WORK TASK: Please print, exactly, only the lines in the entries below from the line that has "Lladro Porcelain Seesaw" through the line that has "présentoir bijoux bois". Pictures don't go in.

[Collected data entries]
-- Opening Marker --

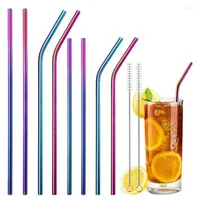 Drinking Straws Reusable 304 Stainless Steel Straw Colorful Straight Bent With Cleaning Brush Set Party Bar Drinkware Accessory
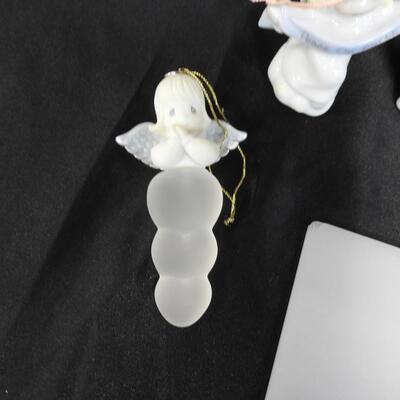 7 Piece Ceramic Christmas Ornaments: Angels, Bell; Jesus, Mary and Joseph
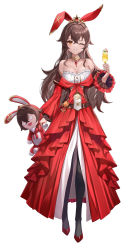 Rule 34 | 1girl, amber (genshin impact), animal ears, bare shoulders, baron bunny (genshin impact), belt, breasts, brown belt, brown hair, cleavage, commentary, crossed bangs, cup, dress, full body, genshin impact, hair between eyes, hand up, highres, holding, holding cup, jewelry, long hair, long sleeves, looking at viewer, lunacle, one eye closed, parted lips, rabbit ears, red dress, red footwear, shiny skin, simple background, smile, standing, tiara, vision (genshin impact), white background, wide sleeves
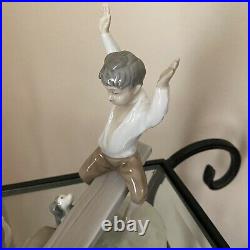 Lladro Porcelain Seesaw Friends Boy Girl Dog 4867 Mint Condition No Box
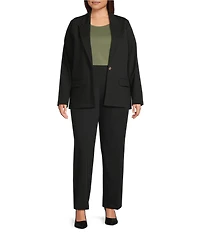Investments Plus Size Performance Traveler Long Sleeve One Button Notch Lapel Blazer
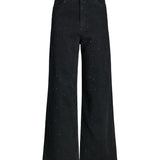 Produktbillede af sort TOKYO bukser med sorte glimmersten. Set forfra. Fra BySofieSønderby.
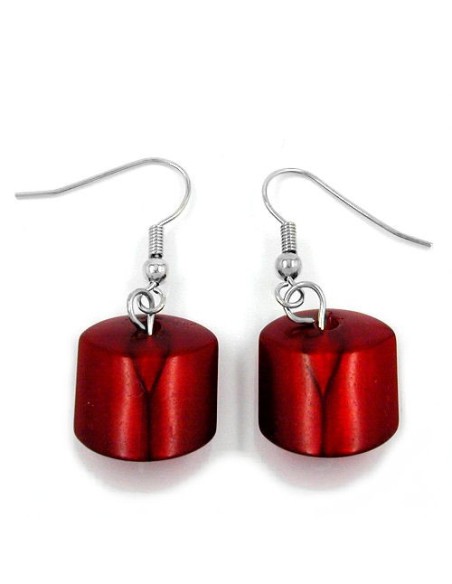 hook earrings slanted bead silky red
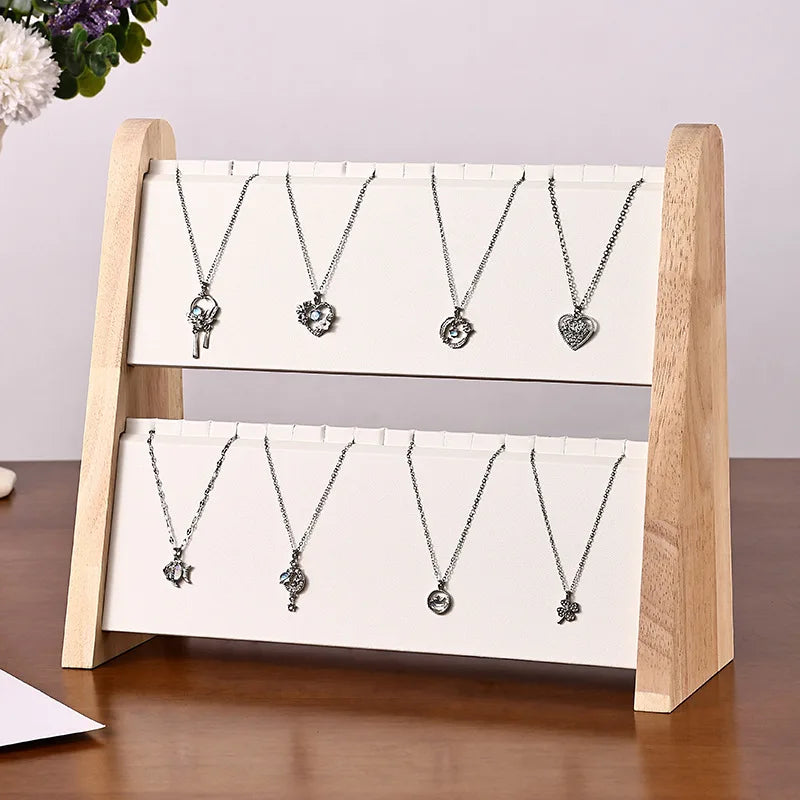 présentoir bijoux bois blanc moderne double couche clips colliers vert foncé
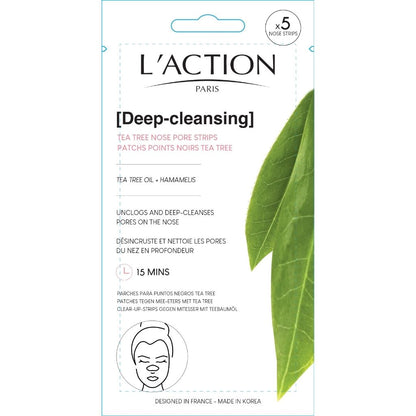L'Action Paris deep-cleansing tea tree nose pore strips packaging with green leaf illustration.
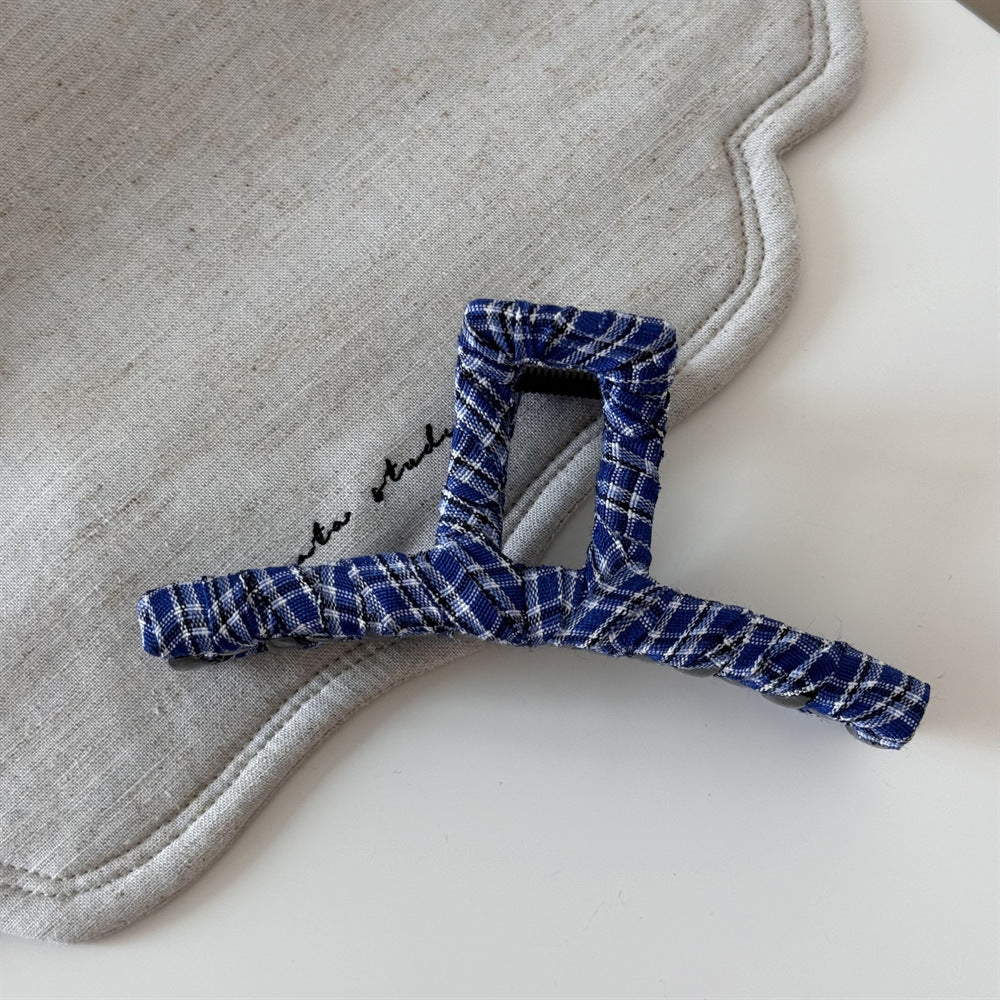 格紋一字纏繞鯊魚夾
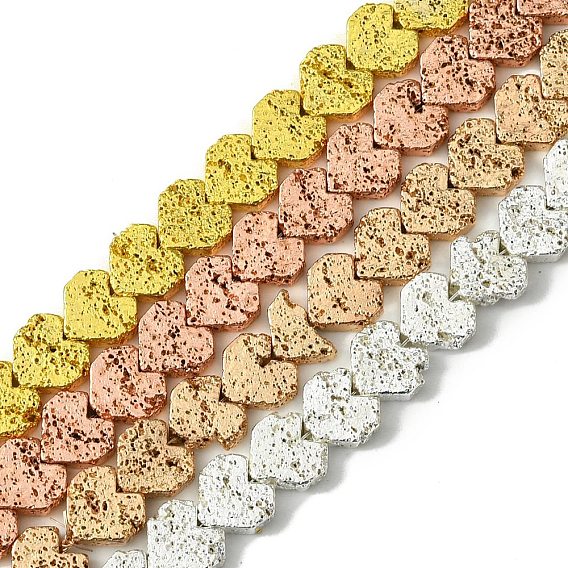 Electroplated Natural Lava Rock Beads Strands, Heart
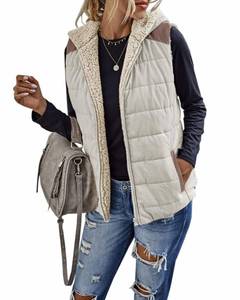 lot 30907 image: Womens Sherpa Fleece Zipper Up Reversible Vest Warm Color Block Hoodie Outwear with Pocket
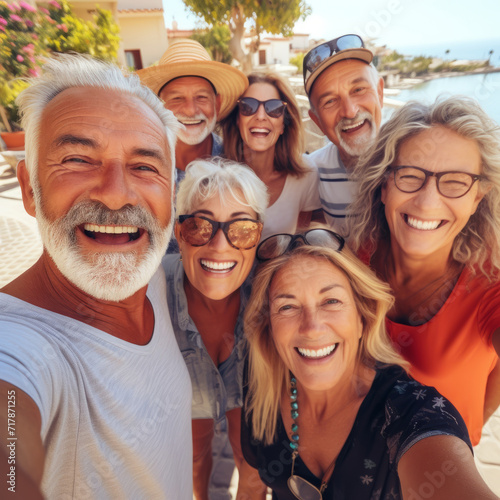 Sunny Smiles: Group Selfie Captures the Joy of Senior Summer Holiday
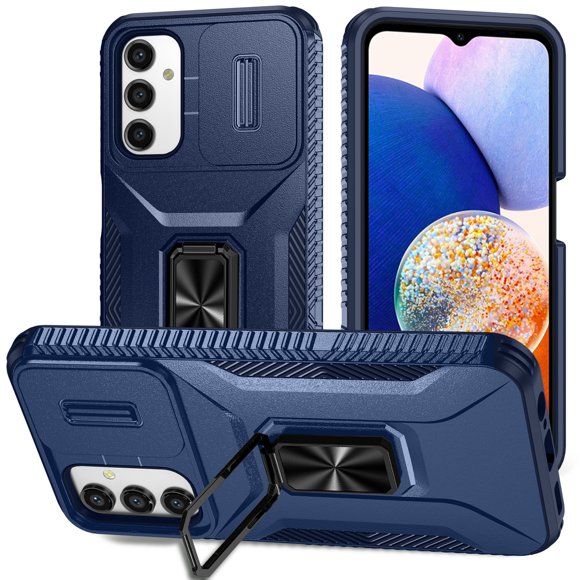 Phone Case for Samsung Galaxy S26 Plus Case with Sliding Camera Cover,with 360°+100° Free Rotation Metal Finger Ring Bracket, Fit Magnet Car Mount, 2 In 1 Case Cover for Galaxy S26 Plus,Blue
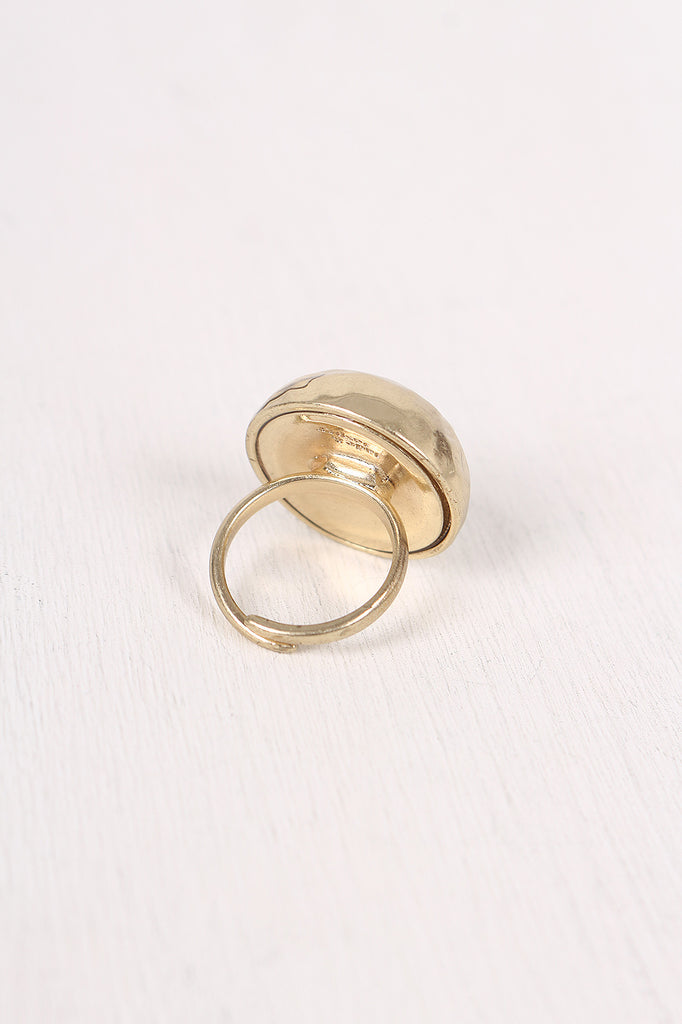 Hammered Half Dome Ring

-- Closing Marker --

EXERCISE RESPONSE:
 Lladro Porcelain Seesaw Friends Boy Girl Dog 4867 Mint Condition No Box
Investments Plus Size Performance Traveler Long Sleeve One Button Notch Lapel Blazer
 Produktbillede af sort TOKYO bukser med sorte glimmersten. Set forfra. Fra BySofieSønderby.
 hook earrings slanted bead silky red
 présentoir bijoux bois blanc moderne double couche clips colliers vert foncé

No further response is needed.